*PROBLEM DESCRIPTION:*
Each line from the first line of the entries through the line holding "خرما کبکاب نیمه" is to be restated word for word; nothing else, and no picture, belongs in the answer.

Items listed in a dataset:
++++++++++
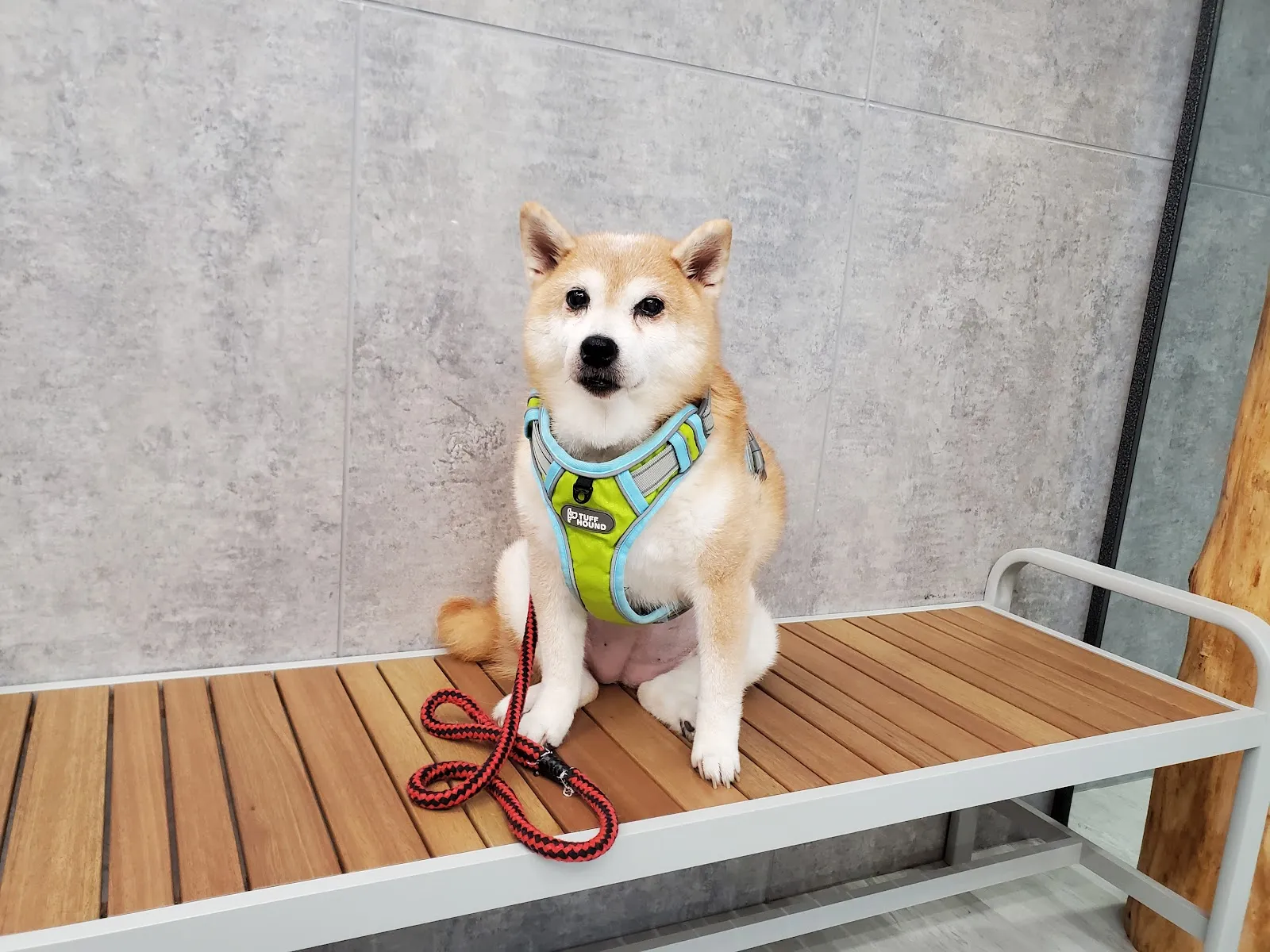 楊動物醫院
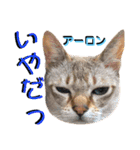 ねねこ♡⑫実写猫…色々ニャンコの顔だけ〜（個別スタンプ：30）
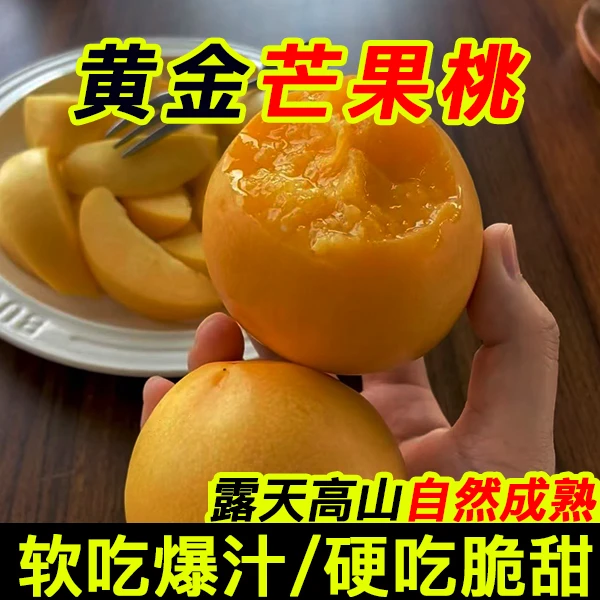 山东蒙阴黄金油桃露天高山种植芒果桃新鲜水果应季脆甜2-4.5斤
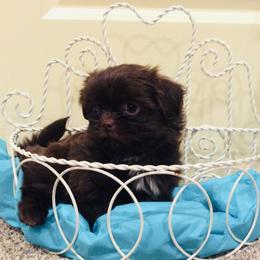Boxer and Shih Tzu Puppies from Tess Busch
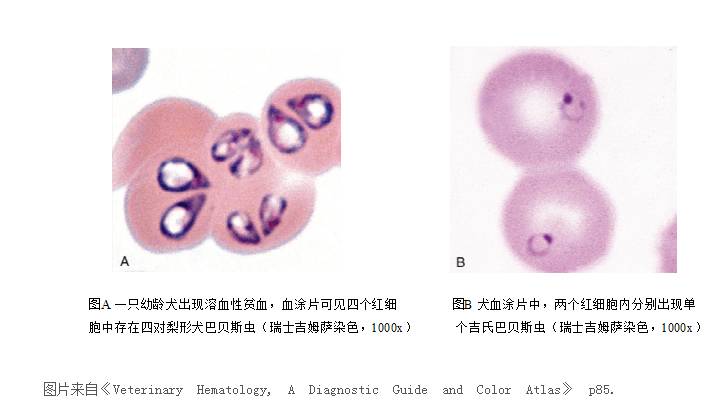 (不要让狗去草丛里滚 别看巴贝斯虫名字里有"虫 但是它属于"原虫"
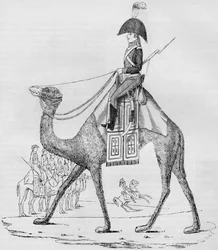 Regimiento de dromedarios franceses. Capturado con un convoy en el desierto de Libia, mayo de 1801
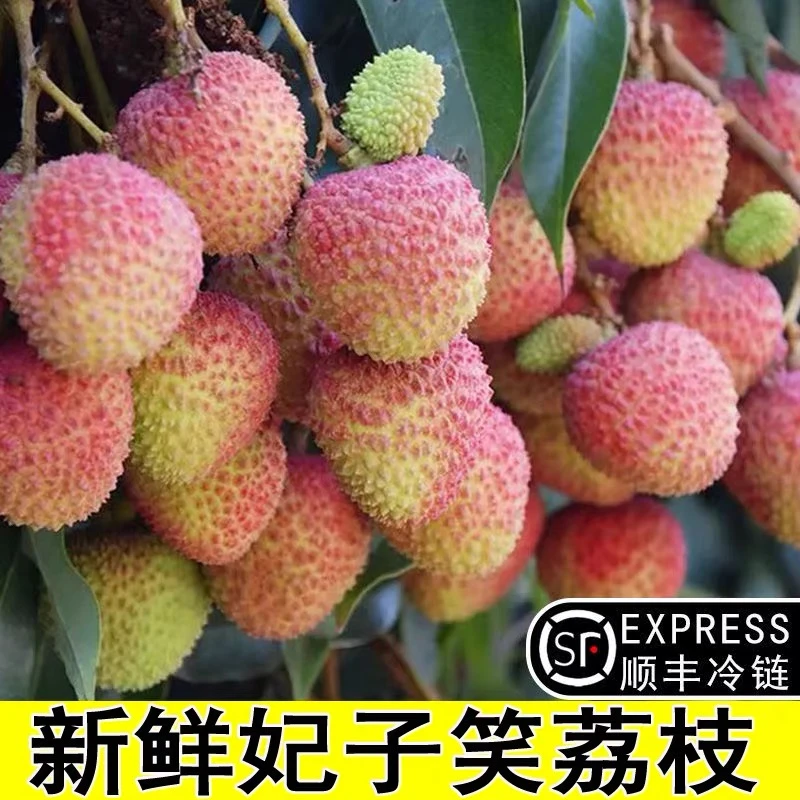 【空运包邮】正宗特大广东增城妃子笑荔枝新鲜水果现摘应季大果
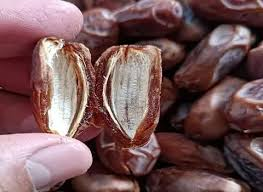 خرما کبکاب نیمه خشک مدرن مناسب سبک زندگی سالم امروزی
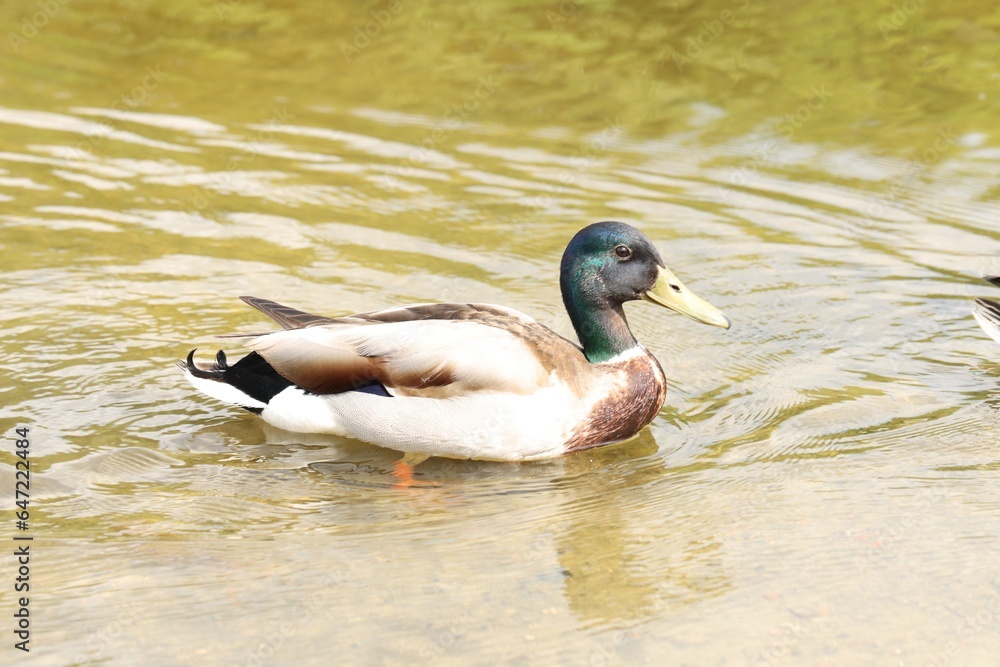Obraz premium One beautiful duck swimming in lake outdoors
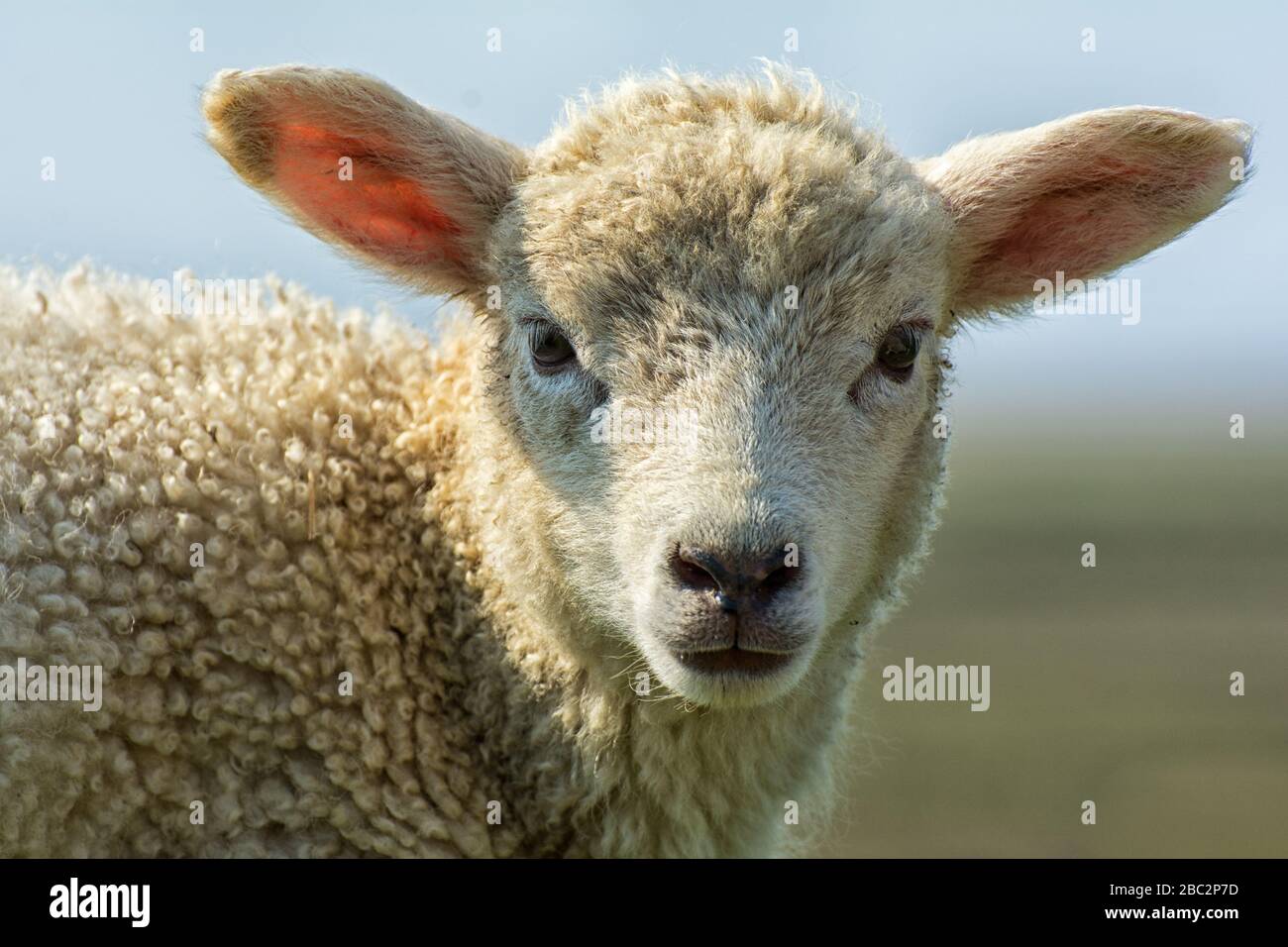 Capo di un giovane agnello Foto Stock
++++++++++
*ANSWER TO THIS TASK:*
 楊動物醫院
 ねねこ♡⑫実写猫…色々ニャンコの顔だけ〜（個別スタンプ：30）
 山东蒙阴黄金油桃露天高山种植芒果桃新鲜水果应季脆甜2-4.5斤
Boxer and Shih Tzu Puppies from Tess Busch
 (不要让狗去草丛里滚 别看巴贝斯虫名字里有"虫 但是它属于"原虫"
 Regimiento de dromedarios franceses. Capturado con un convoy en el desierto de Libia, mayo de 1801
 【空运包邮】正宗特大广东增城妃子笑荔枝新鲜水果现摘应季大果
 خرما کبکاب نیمه خشک مدرن مناسب سبک زندگی سالم امروزی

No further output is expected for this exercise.